Return exactly the lines from the "Wooden Busy Board" line through the last line of the entries below. Include no pictures.

[Data items]

Start of Block

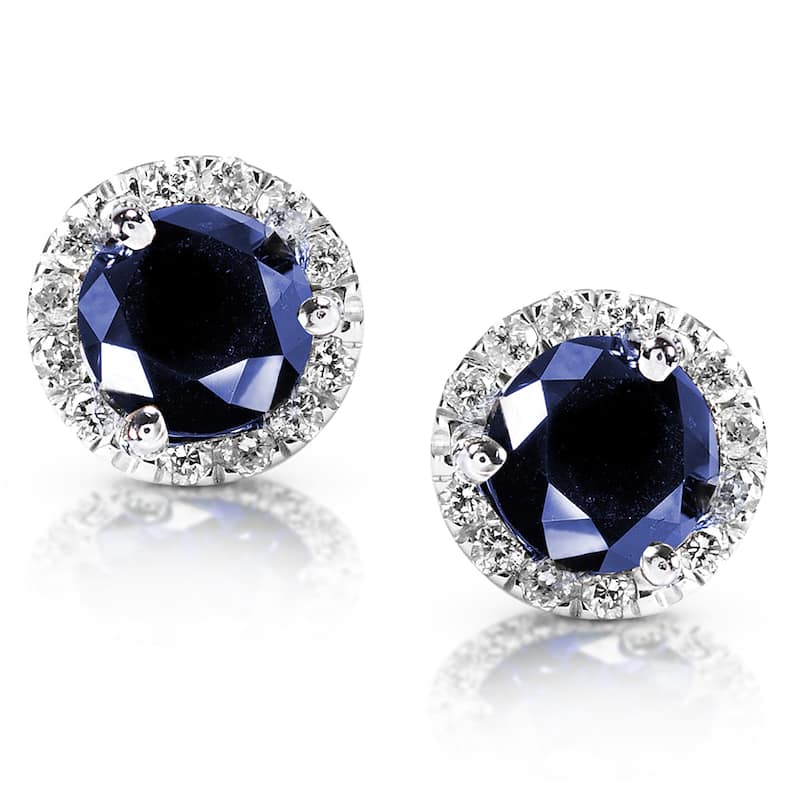Annello by Kobelli 14k White Gold 1 1/2 Carat TGW Blue Sapphire and Diamond Halo Stud Earrings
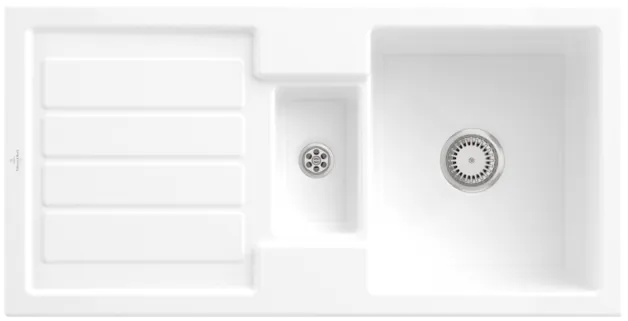 Bild von VILLEROY BOCH Flavia 60 Einbauspüle, inklusive Ablaufgarnitur mit Handbetätigung, aus Keramik, 1010 x 510 mm, Snow White CeramicPlus #330401KG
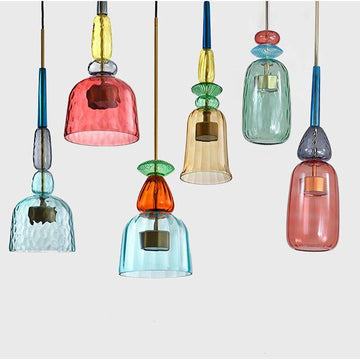 LumiColore – Farverig glasloftlampe LED – Moderne & stemningsfuld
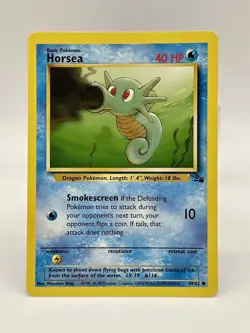 Horsea 49/62 Fossil Unlimited Common Non Holo Vintage 1999 Pokemon Card WOTC NM - Image 1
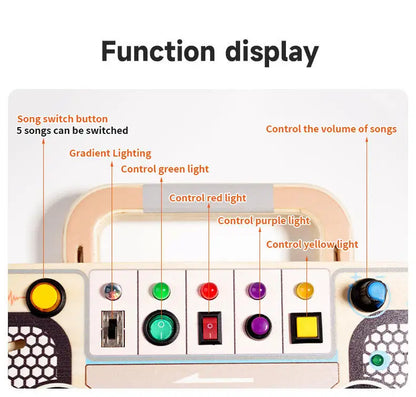 Wooden Busy Board Switch Activity Busy Board Montessori Busy Board Montessori Activity Board Wooden LED Light Busy Board OEM ODM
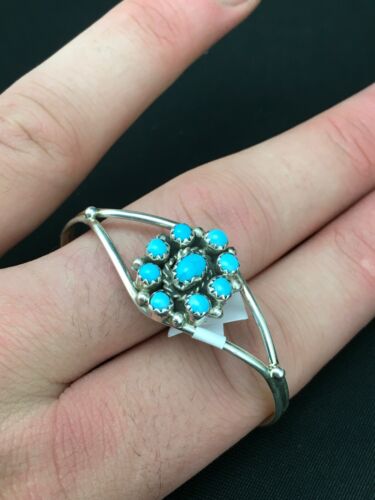 Native American Handmade Sterling Silver Blue Turquoise Bracelet | 10181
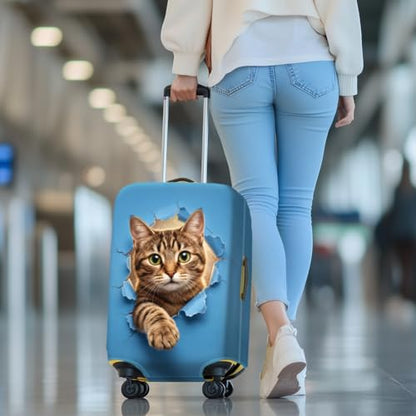 MAYJOYDIY Cat in the Crack Luggage Cover 3D Cat Elastic Baggage Covers Pet Animal Dust-Proof Suitcase Sleeve Anti-Scratch Washable Suitcase Protector Size L Fit 26-28 Inch Luggage - color: Cat in the Crack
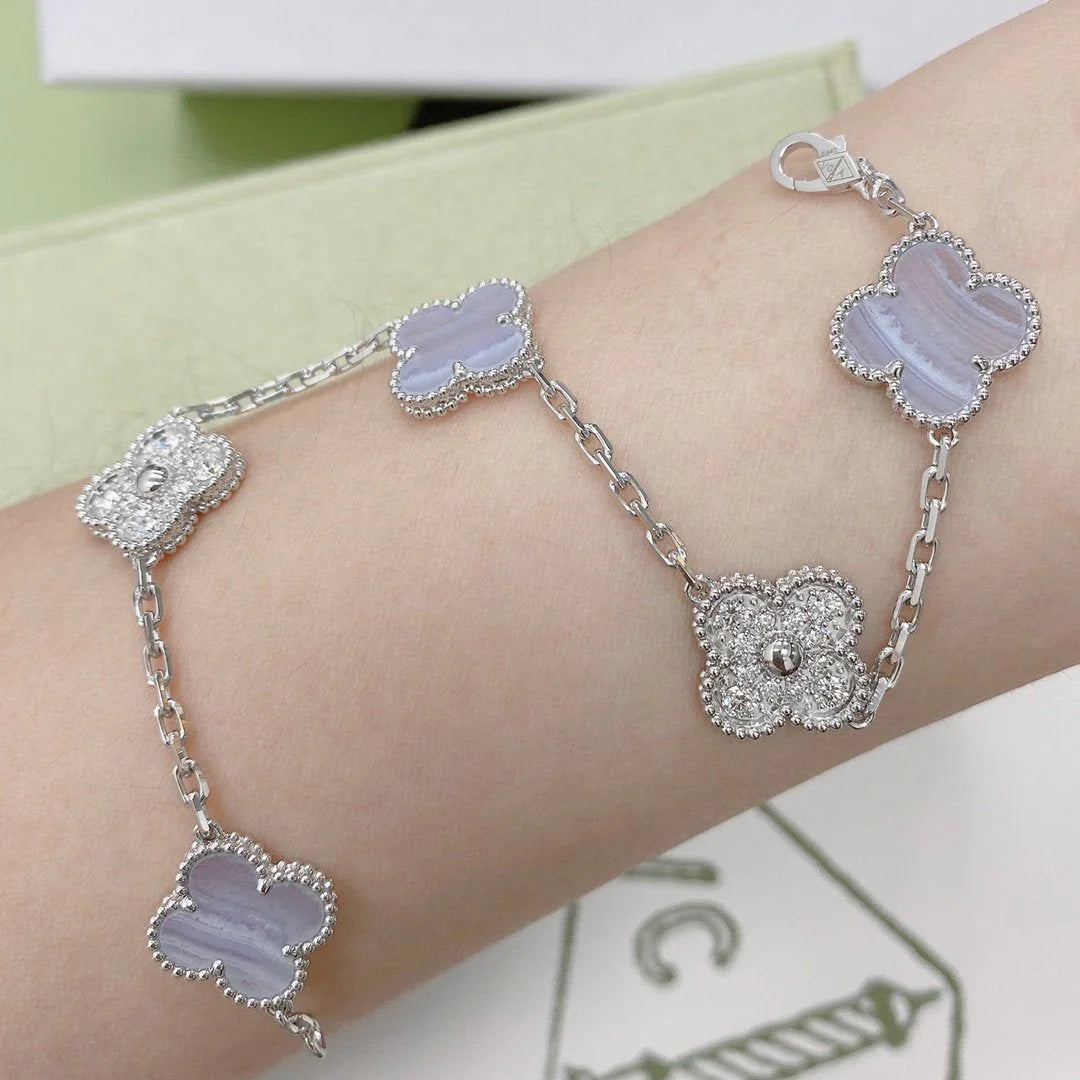 [ORA] CLOVER 5 MOTIF PURPLE CHALCEDONY BRACELET COLLECTION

End of Block

• _Task response_
 Wooden Busy Board Switch Activity Busy Board Montessori Busy Board Montessori Activity Board Wooden LED Light Busy Board OEM ODM
 Native American Handmade Sterling Silver Blue Turquoise Bracelet | 10181
 MAYJOYDIY Cat in the Crack Luggage Cover 3D Cat Elastic Baggage Covers Pet Animal Dust-Proof Suitcase Sleeve Anti-Scratch Washable Suitcase Protector Size L Fit 26-28 Inch Luggage - color: Cat in the Crack
 [ORA] CLOVER 5 MOTIF PURPLE CHALCEDONY BRACELET COLLECTION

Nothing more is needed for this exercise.